Body instantly frozen in Arctic Blast (2010)
Body instantly frozen

The film has much in the way of cheap effects (another hallmark of the Syfy Channel disaster movie) that mostly consist of a white cloud passing over places, people and objects and leaving them covered in frost. The film is dully placed together and the drama grinds to an indifferent conclusion.

The other major quibble I would have is with the dubious science used to justify all of this. The opening credits mention how the coldest place on earth is the ozone layer, which is 140 degrees below zero. Although a quick Google on the temperature of the ozone layer fails to dig up any facts that support this – what the writers seem to have confused this with is the mesosphere, which reaches around 100 degrees below zero, whereas the ozone layer is located in the atmospheric region beneath this known as the stratosphere. This is then extrapolated to suggest that a hole in the ozone layer would allow a super-cold wavefront to come down and freeze everything in its path.

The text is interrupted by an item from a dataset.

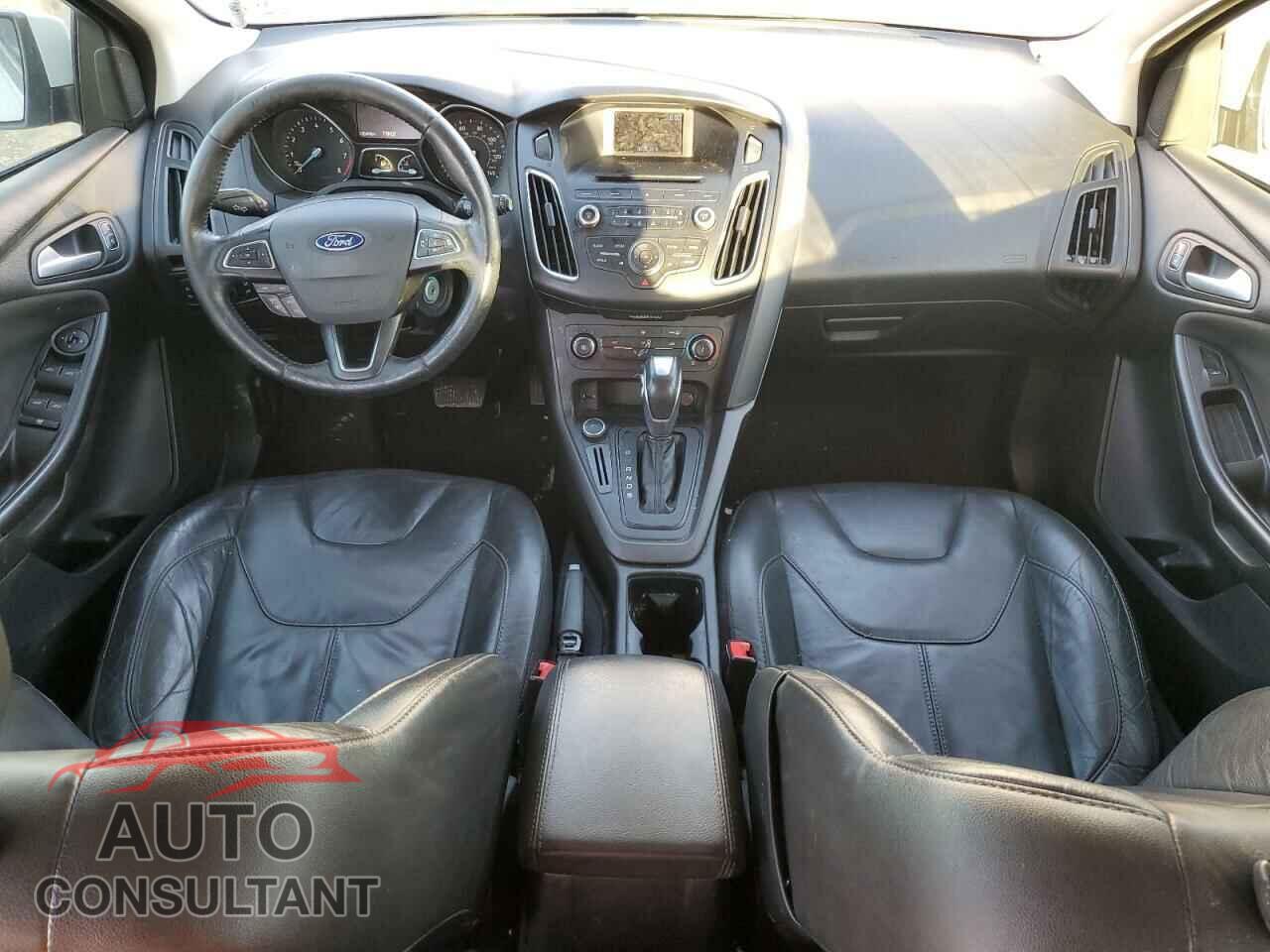 FORD FOCUS 2016 - 1FADP3K22GL277552
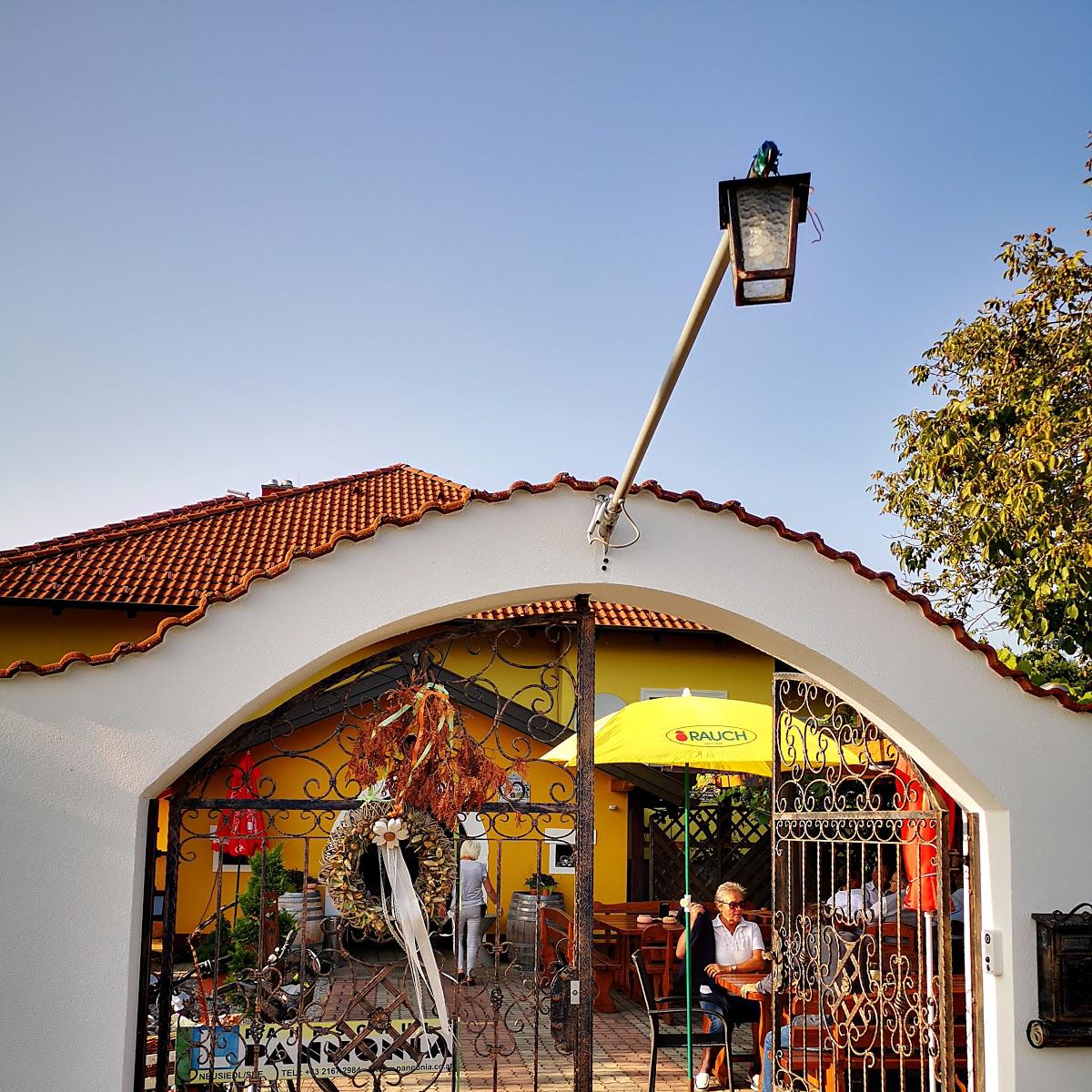 Restaurant "Heurigen Schenke Belihart" in Neudorf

There are some problems with this. The most obvious of these is one of basic home chemistry. The reality would be akin to what would happen when a glass of ice water is placed at room temperature – and that is that over time the ice water warms up to the mean temperature of its surrounding environment. The same would happen in Hobart, Australia – where another quick Google shows me that the average temperature for the city ranges between the early twenties and rarely below ten degrees Celsius. So basically the cold front in its trip down from the ozone layer (some 10-15 miles) and certainly by the time it reaches the reasonably temperate Tasmania would have a good deal of time to warm up. The longer that such air stayed there and progressed inland, the warmer it would become to the point it would be indistinguishable from a mild breeze on a warm day.